# Wasserwerte in SPS einlesen



## chrisi01 (20 Dezember 2006)

hi

mal ne ganz allgemeine Frage was brauch ich um folgende Werte in eine SPS einzulesen und zwar Hardwaremäßig (Sensoren und SPS Eingänge Anzahl und Art)

Temperatur (irgendein Wärmeabhängier Wiederstand und ein Analogeingang)
PH Wert (PH Sonde aber Eingänge was für welche?)
Redoxspannung (absolut keine Ahnung)
Leitwert (absolut keine Ahnung)

oben ist das wichtigste unten das unwichtigste

Als CPU hab ich im moment eine S7- Simatic 222 mit einem Em232 Modul. Belegt sind da dran aber schon 3 Digitale Eingänge und 1 Digitaler Ausgang und 1 Merker.

Soviel ich weiss wäre ja noch Platz für ein Erweiterungsmodul und wenn das weniger als 100€ kostet könnte man da noch eins dazunehmen 

Achja noch ne Frage wie kann ich die Werte am besten ausgeben? Am liebsten wäre mir ein Display oder so wo ich durchblättern kann muss nix großesartiges sein hauptsache man kanns lesen 

ist das alles überhaupt (teilweiße) mit meiner S7 möglich oder bräuchte ich da was größeres (dann könnte ich das projekt eh total vergessen da ich absolut keine lust hab mehrer 1000€ auszugeben )

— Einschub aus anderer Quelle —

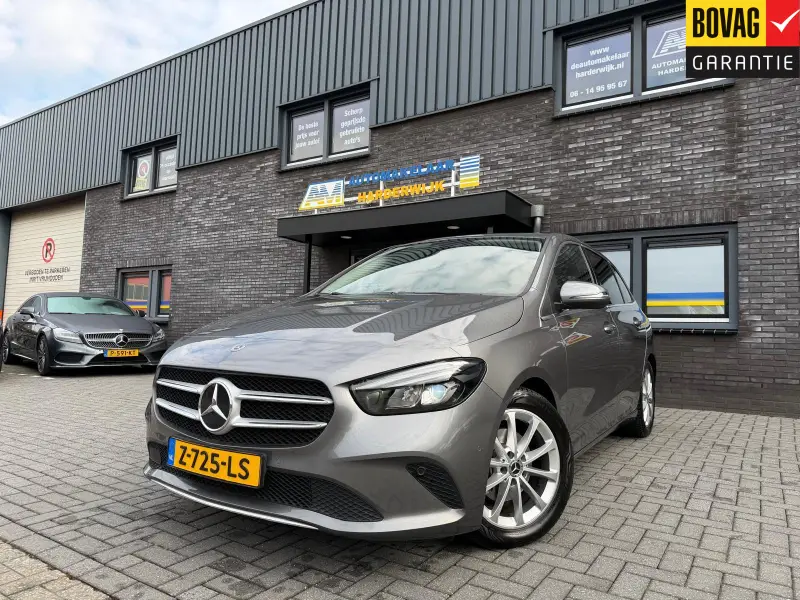 Mercedes-Benz B-Klasse 180 Business Solution AMG 2021 leasen bij DreamLease: foto 1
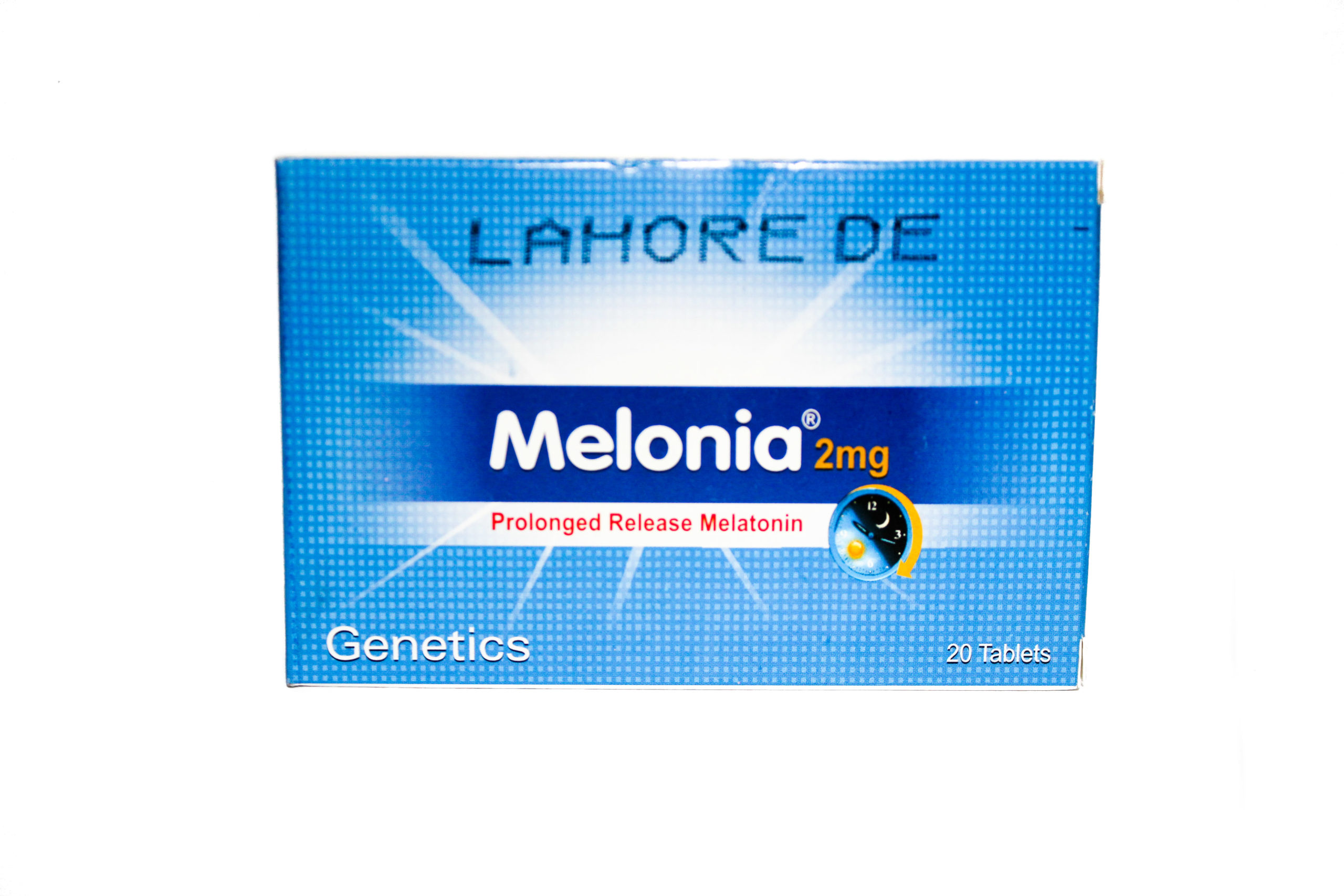 MELONIA TABLET 2MG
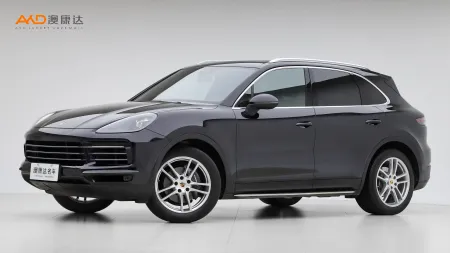 二手Cayenne 3.0T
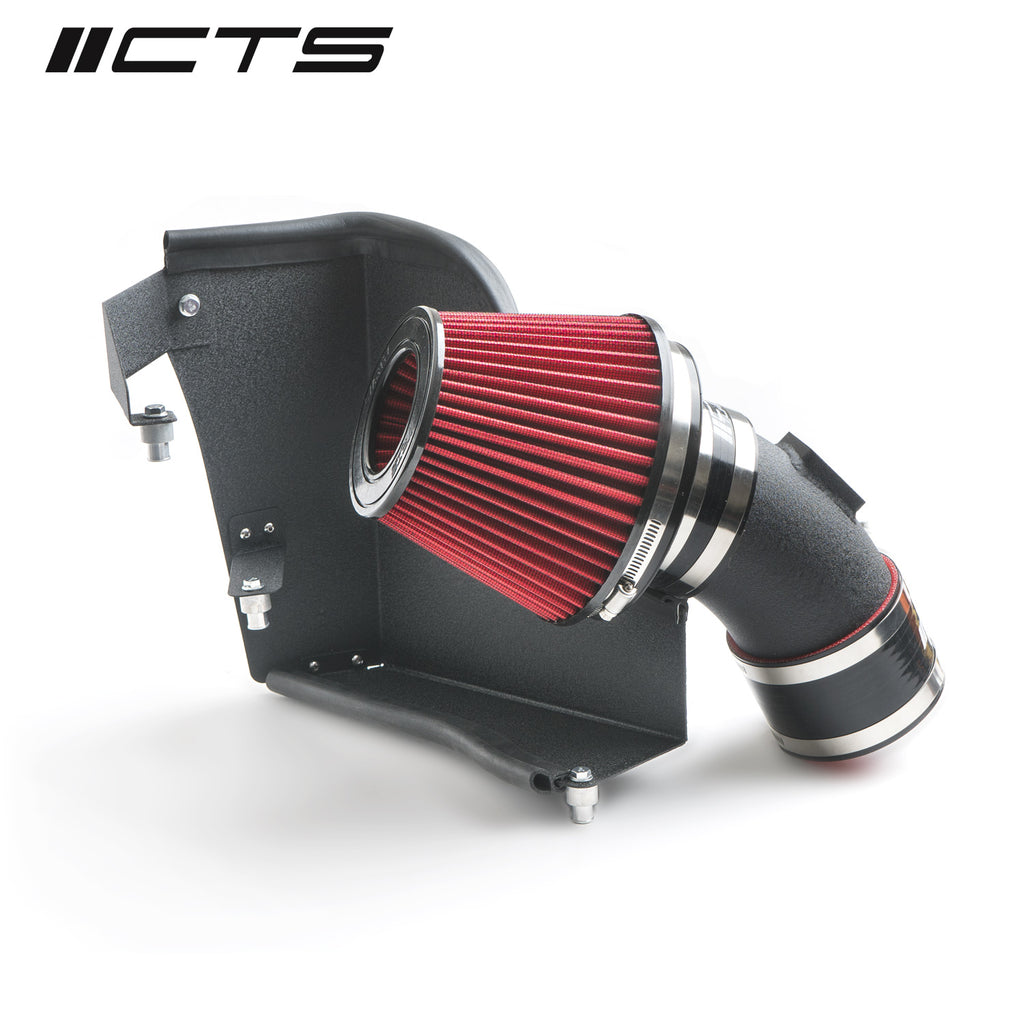CTS Turbo 4″ Intake with 6″ Velocity Stack - MK5 Toyota Supra (A90/A91) 2020+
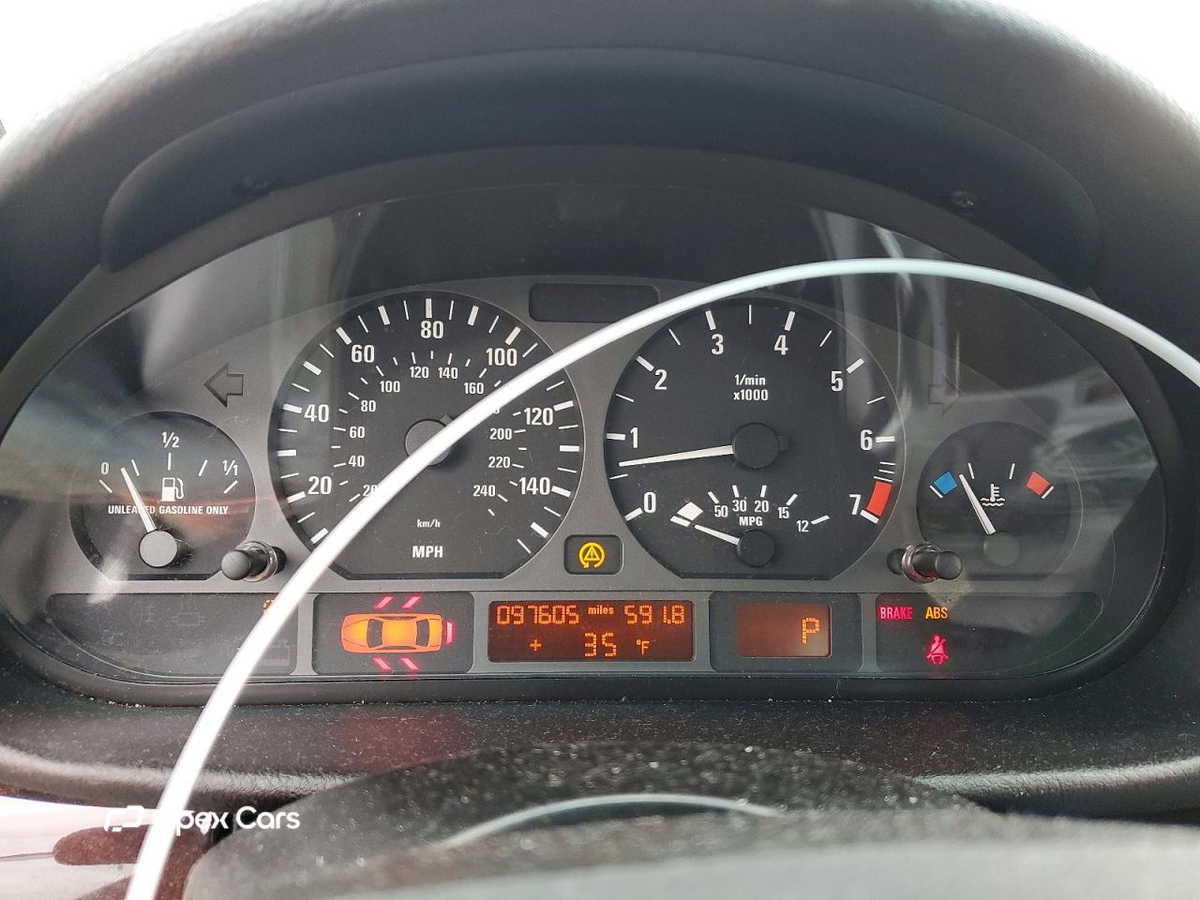 BMW Series 3 2004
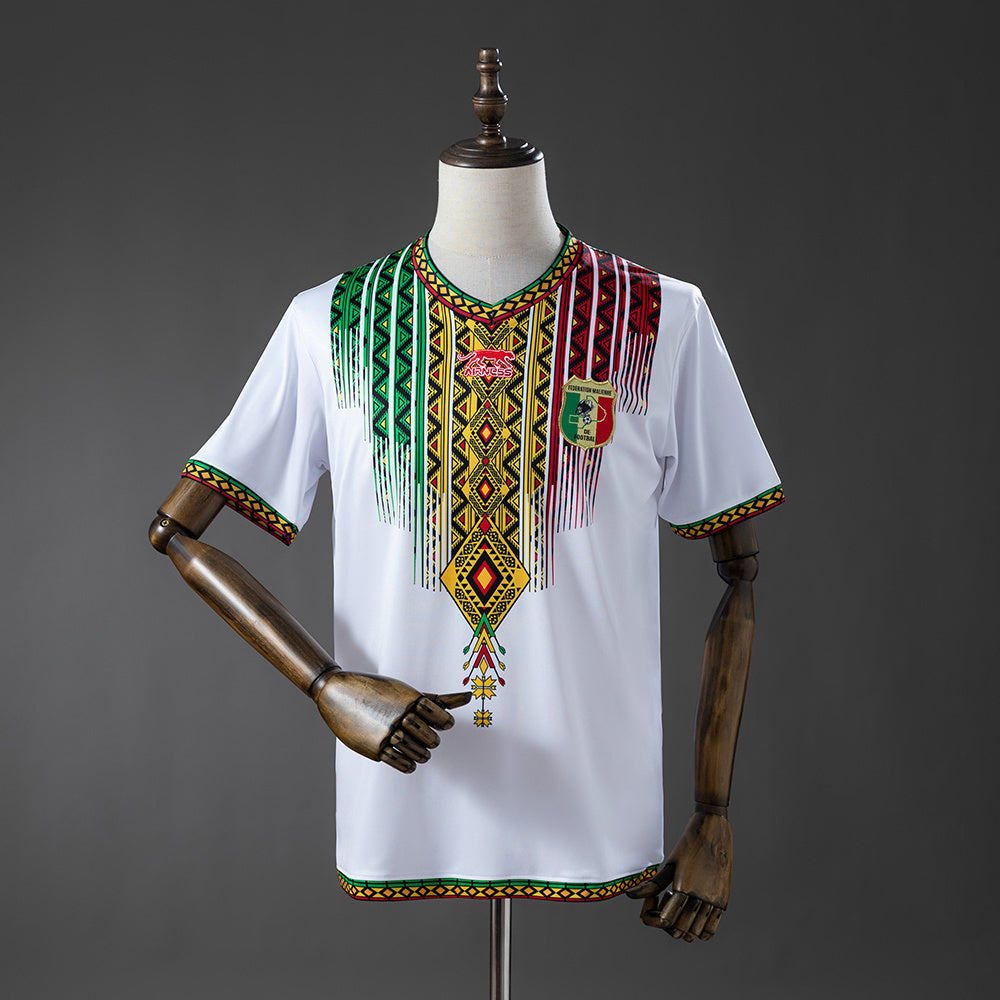 Mali 25-26 Home Jersey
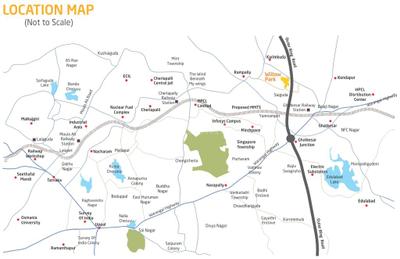 Project Image of 1080.0 - 4671.0 Sq.ft Residential Plot Plot for buy in Pooja Willow Park
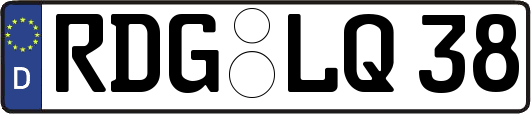 RDG-LQ38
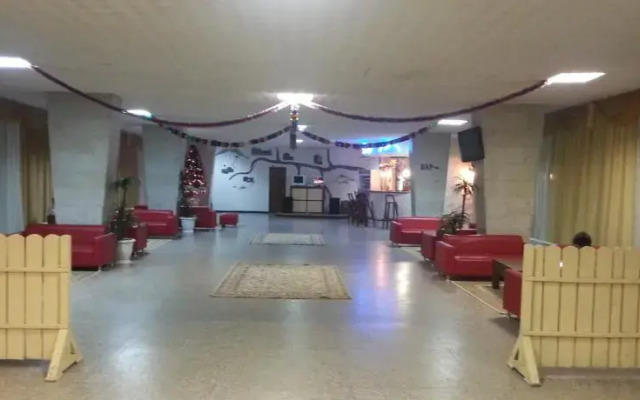 Pansionat Itkol Prielbrusie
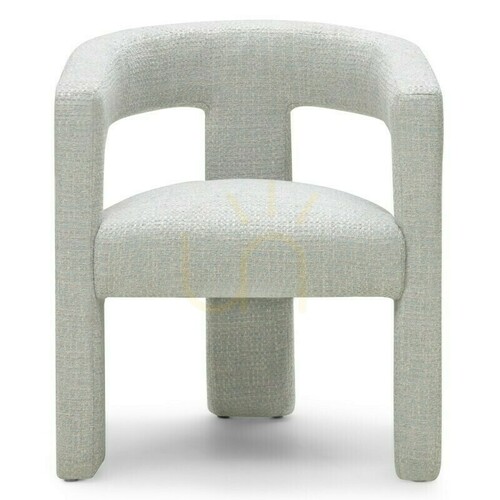 Check LAUREN Armchair, Mint Blue, Nova Nook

Danke schonmal für Antworten

mfg

Chris


----------



## Unregistrierter gast (20 Dezember 2006)

chrisi01 schrieb:


> hi
> 
> Temperatur (irgendein Wärmeabhängier Wiederstand und ein Analogeingang)
> PH Wert (PH Sonde aber Eingänge was für welche?)
> ...


Für alle diese Werte benötigst du erstmal eine Messonde.
Temperatur ist sicherlich einfach, die anderen Messwerte zu erfassen ist schon etwas teurer, Geräte gibts z.B. von Vega oder Endress und Hauser.

Messgeräte für z.B. Redox kosten aber weit mehr als 100 Euro, da wirst du schon eher 1000 Euro los.

Die Messgeräte / Sonden müssen ein Analogausgangssignal bringen, Standard ist z.B. 4-20mA, das können eigendlich alle Messonden.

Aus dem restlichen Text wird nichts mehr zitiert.